▶ **AIM OF THE EXERCISE**
An exact copy is all that is wanted: the lines from the one with "Quantity of loose" through the end of the listing below, both included, minus any pictures.

▶ **RECORDS FOR THIS EXERCISE**
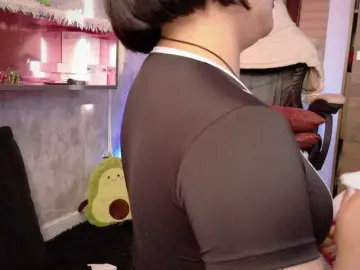 Ada-andDamian  live sex cam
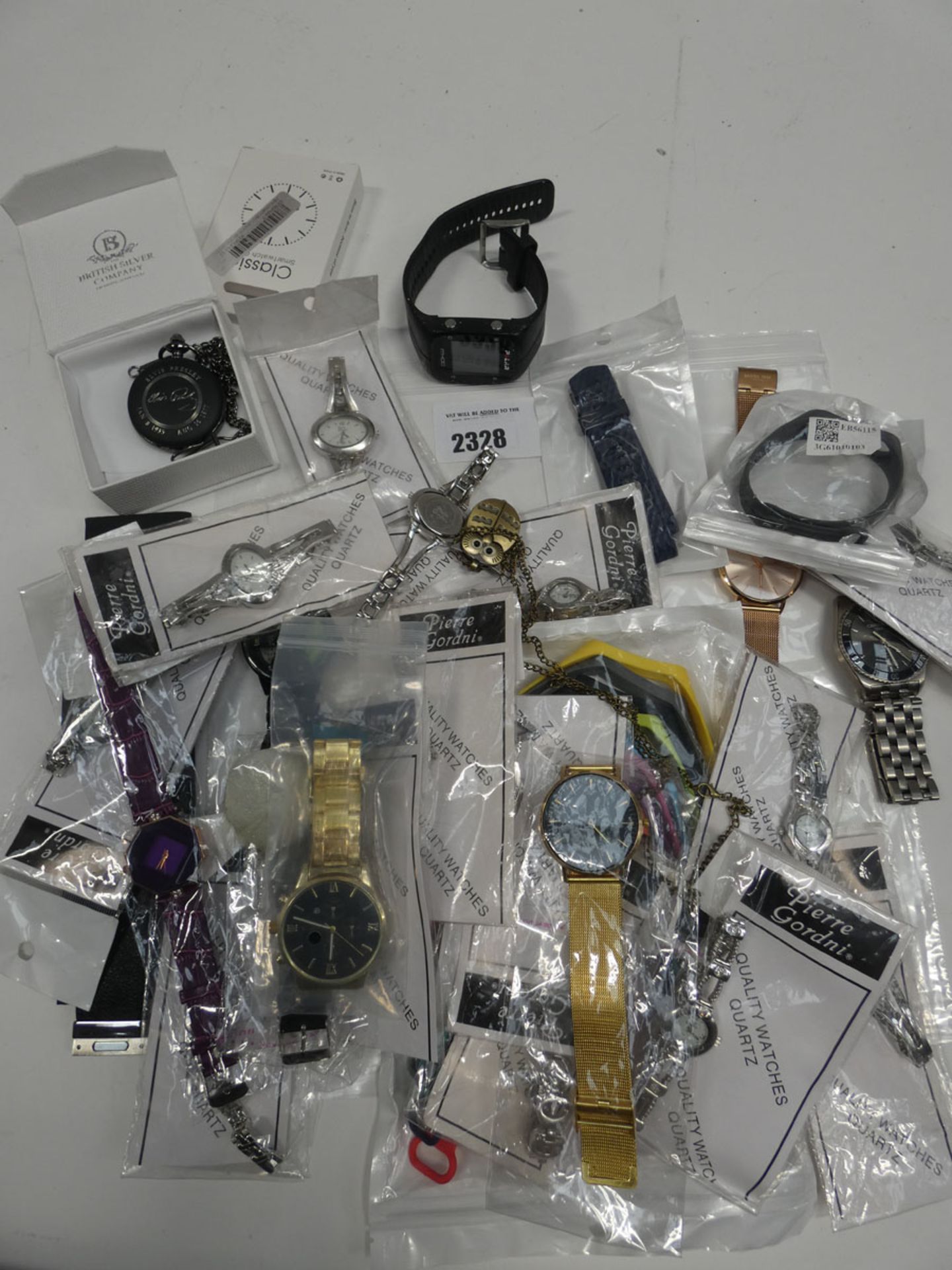 Quantity of loose wristwatches, pocket watches and straps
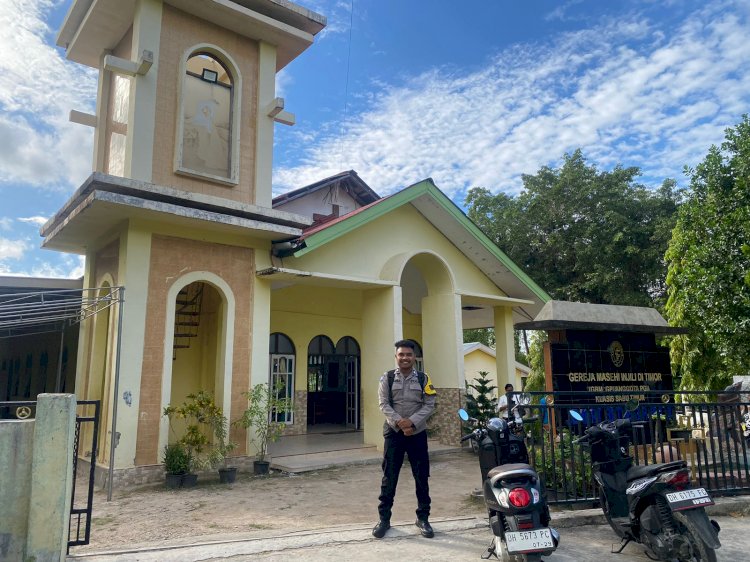 Bhabinkamtibmas Polres Sabu Raijua Hadir di Tengah Jemaat, Wujudkan Ibadah Aman dan Nyaman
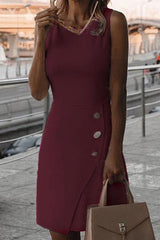 Elegancka i klasyczna ołówkowa sukienka mini zapinana na guziki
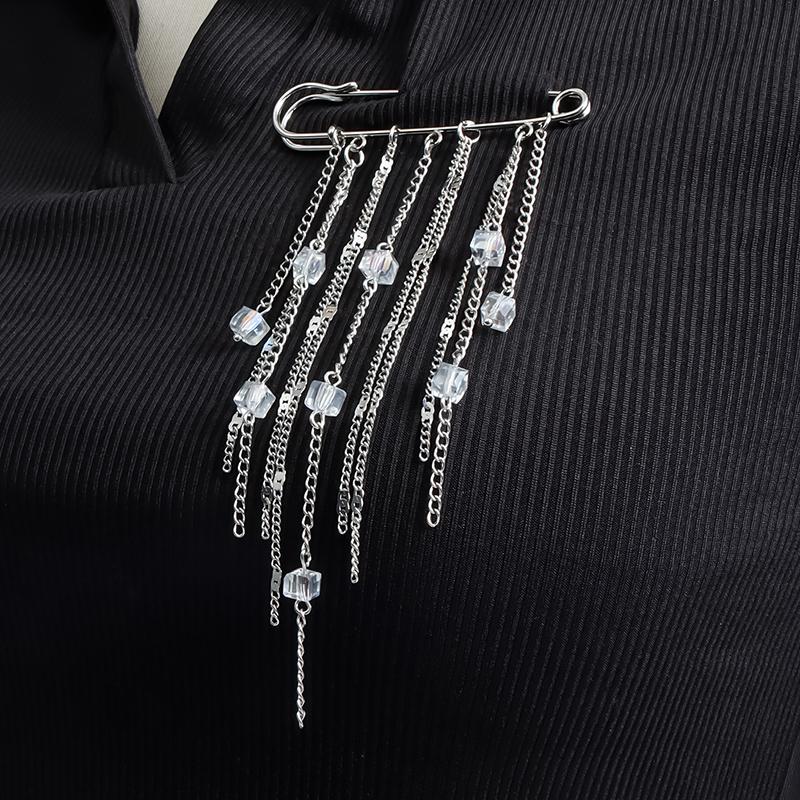 Hip Hop Trendy Imitation Pearl Tassel Chain Brooches For Men Women Waist-Shaping Fixed Pin Accessory Multi-Functional Jewelry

▶ **SOLUTION FOR THIS PROBLEM**
 Quantity of loose wristwatches, pocket watches and straps
 Bhabinkamtibmas Polres Sabu Raijua Hadir di Tengah Jemaat, Wujudkan Ibadah Aman dan Nyaman
 Elegancka i klasyczna ołówkowa sukienka mini zapinana na guziki
 Hip Hop Trendy Imitation Pearl Tassel Chain Brooches For Men Women Waist-Shaping Fixed Pin Accessory Multi-Functional Jewelry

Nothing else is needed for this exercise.